上边的例子中，t、a 都是我们取的名字，我们可以自己取更明确的代称

>>> x = np.random.randn(100, 32, 64)
>>> y = reduce(x, 'time batch channel -> batch channel', 'max')
>>> x.shape
(100, 32, 64)
>>> y.shape
(32, 64)

另一个 Demo，2d max-pooling with kernel size = 2 * 2，用到了倍数缩减某个维度大小

>>> x = np.random.randn(1, 3, 256, 256)
>>> y = reduce(x, 'b c (h1 h2) (w1 w2) -> b c h1 w1', 'max', h2=2, w2=2)
>>> y.shape
(1, 3, 128, 128)

除了缩减一个维度，我们可以使用（）来保留维度

>>> x = np.random.randn(2,3,4)
>>> y = x - reduce(x, 'c w h -> c () ()', 'mean')
>>> reduce(x, 'c w h -> c () ()', 'mean')
array([[[-0.13433713]],

       [[-0.07317865]]])
>>> reduce(x, 'c w h -> c () ()', 'mean').shape
(2, 1, 1)

最后我们进行维度缩减时进行的操作有：‘min’, ‘max’, ‘sum’, ‘mean’, ‘prod’

rearrange

"""
einops.rearrange is a reader-friendly smart element reordering for multidimensional tensors.
This operation includes functionality of transpose (axes permutation), reshape (view), squeeze, unsqueeze,
stack, concatenate and other operations.

Examples for rearrange operation:

```python
# suppose we have a set of 32 images in "h w c" format (height-width-channel)
>>> images = [np.random.randn(30, 40, 3) for _ in range(32)]

# stack along first (batch) axis, output is a single array
>>> rearrange(images, 'b h w c -> b h w c').shape
(32, 30, 40, 3)

# concatenate images along height (vertical axis), 960 = 32 * 30
>>> rearrange(images, 'b h w c -> (b h) w c').shape
(960, 40, 3)

# concatenated images along horizontal axis, 1280 = 32 * 40
>>> rearrange(images, 'b h w c -> h (b w) c').shape
(30, 1280, 3)

# reordered axes to "b c h w" format for deep learning
>>> rearrange(images, 'b h w c -> b c h w').shape
(32, 3, 30, 40)

# flattened each image into a vector, 3600 = 30 * 40 * 3
>>> rearrange(images, 'b h w c -> b (c h w)').shape
(32, 3600)

# split each image into 4 smaller (top-left, top-right, bottom-left, bottom-right), 128 = 32 * 2 * 2
>>> rearrange(images, 'b (h1 h) (w1 w) c -> (b h1 w1) h w c', h1=2, w1=2).shape
(128, 15, 20, 3)

# space-to-depth operation
>>> rearrange(images, 'b (h h1) (w w1) c -> b h w (c h1 w1)', h1=2, w1=2).shape
(32, 15, 20, 12)

```

When composing axes, C-order enumeration used (consecutive elements have different last axis)
Find more examples in einops tutorial.

Parameters:
    tensor: tensor of any supported library (e.g. numpy.ndarray, tensorflow, pytorch).
            list of tensors is also accepted, those should be of the same type and shape
    pattern: string, rearrangement pattern
    axes_lengths: any additional specifications for dimensions

Returns:
    tensor of the same type as input.

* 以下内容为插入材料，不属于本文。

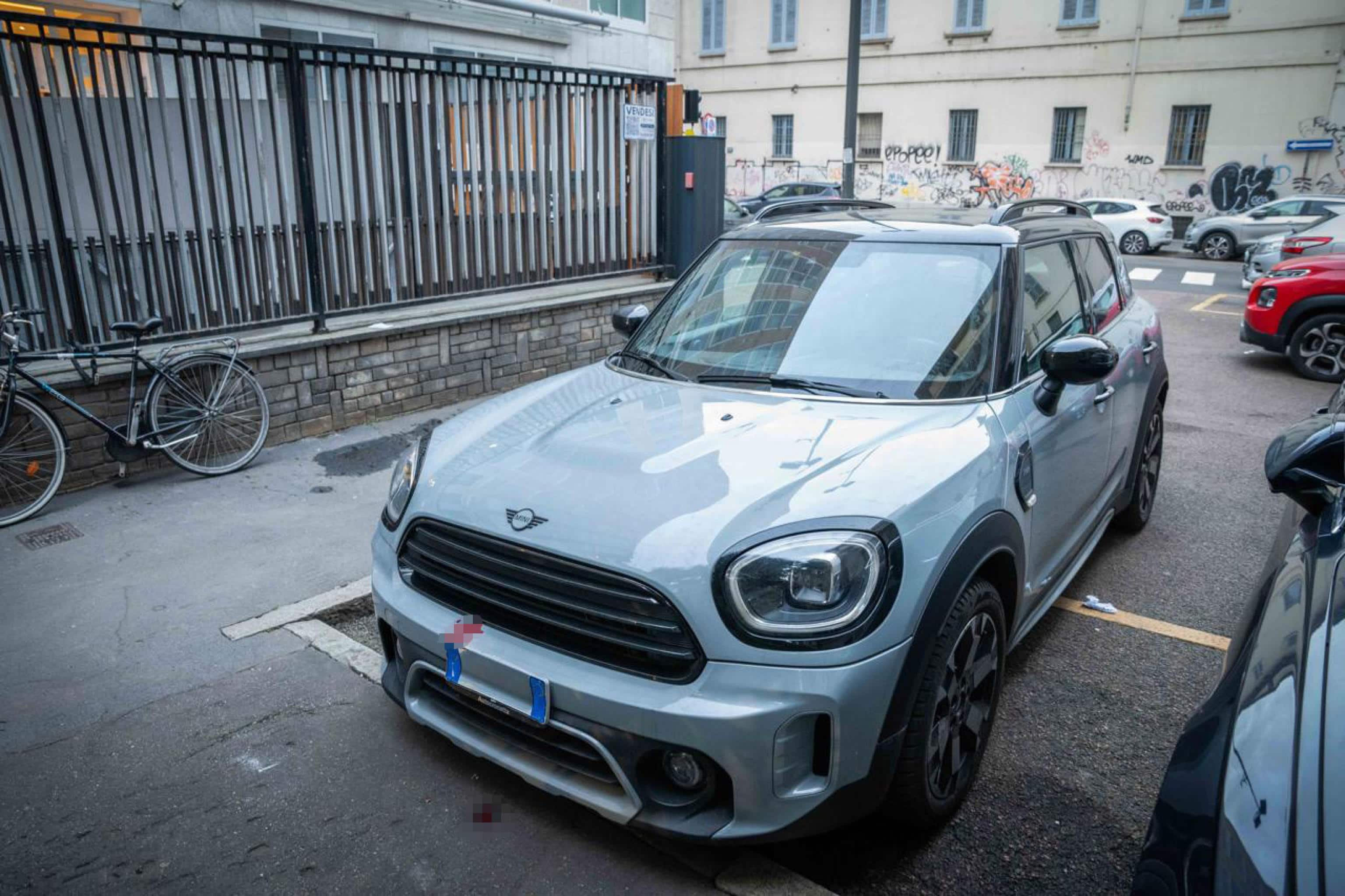 Via Crocefisso dove una ragazza di 24 anni è stata violentata, in pieno centro a Milano, nei pressi di un locale, Milano, 30 novembre 2025. 
ANSA/ ANDREA FASANI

If possible, a view to the original tensor is returned.

"""

通过列表得到的维度可以被合并进去

>>> images = [np.random.randn(30, 40, 3) for _ in range(32)]
>>> rearrange(images, 'b h w c -> b h w c').shape
(32, 30, 40, 3)

可以进行指定维度的转置

>>> images = [np.random.randn(30, 40, 3) for _ in range(32)]
>>> rearrange(images, 'b h w c -> b c h w').shape
(32, 3, 30, 40)

可以进行指定维度的合并（这里的图片是一个 batch 为 1 的，2x3 大小的灰度图，255 单独算一个颜色）

>>> images = np.array([[[[255, 200, 150],[200, 40, 130]]]])
>>> # 拿到图片 tensor
>>> rearrange(images, 'b c h w -> b c h w').shape
(1, 1, 2, 3)
>>> rearrange(images, 'b c h w -> b c h w')
array([[[[255, 200, 150],
         [200,  40, 130]]]])
>>> # 合并
>>> rearrange(images, 'b c h w -> (b c) h w').shape
(1, 2, 3)
>>> rearrange(images, 'b c h w -> (b c) h w')
array([[[255, 200, 150],
        [200,  40, 130]]])
>>> # 交换顺序结果不一定一样
>>> rearrange(images, 'b c h w -> b c (h w)').shape
(1, 1, 6)
>>> rearrange(images, 'b c h w -> b c (w h)').shape
(1, 1, 6)
>>> rearrange(images, 'b c h w -> b c (h w)') # h 拼在 w 后边，保留 w 完整性
array([[[255, 200, 150, 200,  40, 130]]])
>>> rearrange(images, 'b c h w -> b c (w h)') # w 拼在 h 后边，保留 h 完整性
array([[[255, 200, 200,  40, 150, 130]]])

图片的flatten，这里就要注意顺序了（这里改成了 bhwc 了，[255, 200, 150]算一个 RGB 颜色）

>>> images = np.array([[[[255, 200, 150],[200, 40, 130]]]])
>>> rearrange(images, 'b h w c -> b (c h w)').shape
(1, 6)
>>> rearrange(images, 'b h w c -> b (c h w)')
array([[255, 200, 200,  40, 150, 130]])

图片的分块：下边的例子就是根据图片的宽和高，各分两份，然后叠加在 batch 上边。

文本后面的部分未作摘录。